Fidelity International, the London-based investment manager, has been awarded a $150 million mandate by NCB Capital, the investment arm of Jeddah, Saudi Arabia-based investment bank National Commercial Bank, to invest in European real estate.
Fidelity and NCB Capital have said they will target pan-European core and core plus assets across Germany, France, Benelux and the UK.
A spokesman for Fidelity said the Shariah-compliant mandate would be focused on lot sizes of around $20 million to $60 million in the office, logistics and retail sectors. The mandate, once leverage is included, will have total investment firepower of $300 million, the spokesman added.
“In the current climate, real estate has come into its own as institutions look for income and, in recent years, appetite from Middle Eastern investors has begun to increase,” said Adrian Benedict, investment director real estate at Fidelity International.
“Developing a strategy and flexible structure to meet the needs of NCB Capital’s client base has been at the heart of this project.
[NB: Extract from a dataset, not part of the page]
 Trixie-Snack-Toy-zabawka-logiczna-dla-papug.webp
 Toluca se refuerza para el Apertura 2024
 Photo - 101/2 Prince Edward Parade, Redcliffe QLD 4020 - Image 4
With strong competition for core, yielding assets, our intention is to focus on opportunities with active income management potential across the key economic regions of Europe,” added Benedict.
The National Commercial Bank is the second largest bank in the Arab world with assets, as of the end of 2015, totaling $119 billion.
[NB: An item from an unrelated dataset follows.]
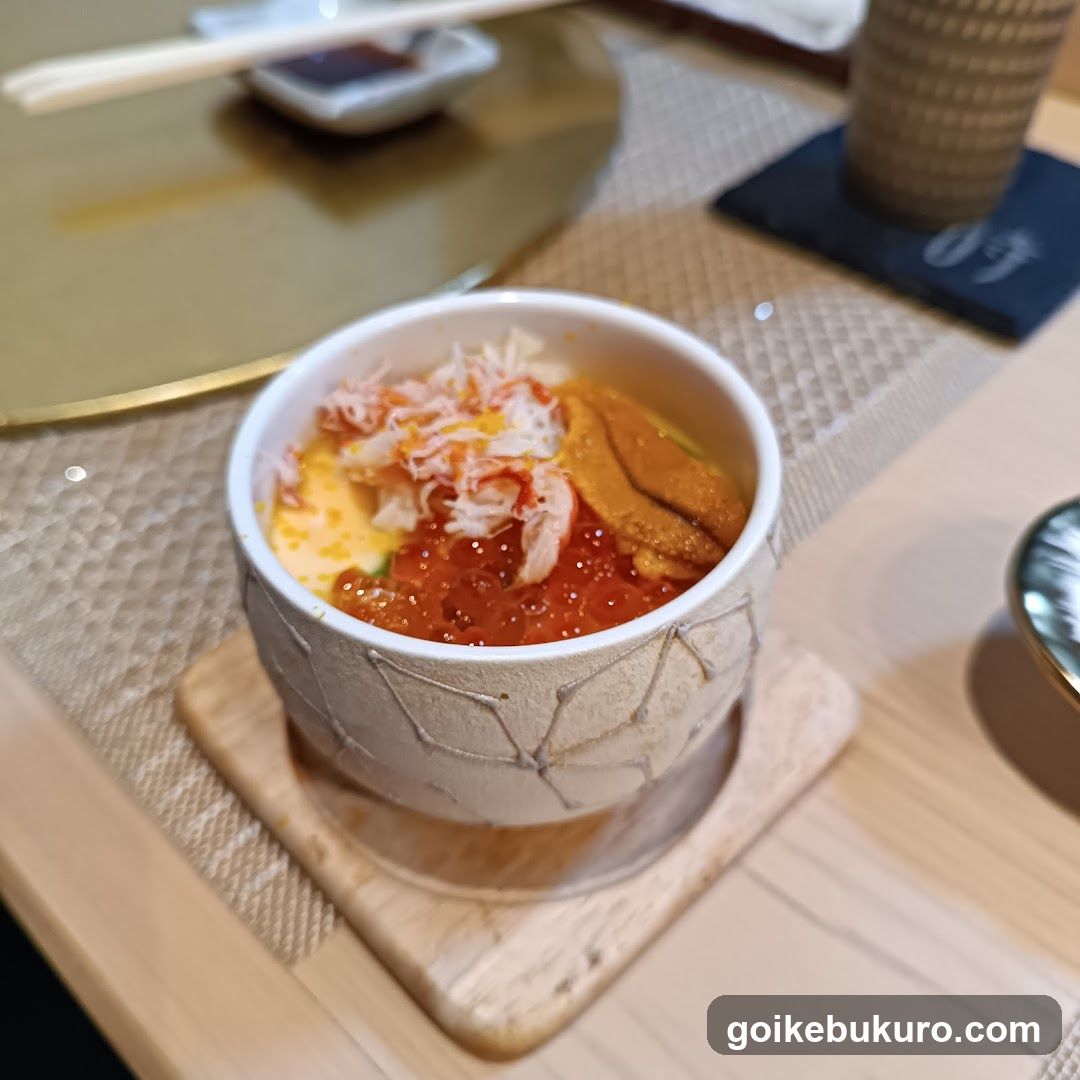 Sushidokoro Uta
Fidelity’s most recent activity took place in February when it raised around €111 million for its open-ended European-focused core real estate vehicle. The firm began its latest round of fundraising in December last year, since when it had received major backing from institutional investors in France, Germany, Switzerland and Ireland. Fidelity said it would be investing in core, multi-asset real estate via the vehicle, called the Fidelity Eurozone Select Real Estate Fund, which has a capital raising target of €250 million. The fund, which is aimed exclusively at institutional investors, has achieved an annual return of 9.2 percent over the last five years, with a distribution yield of around 4 percent, the firm said.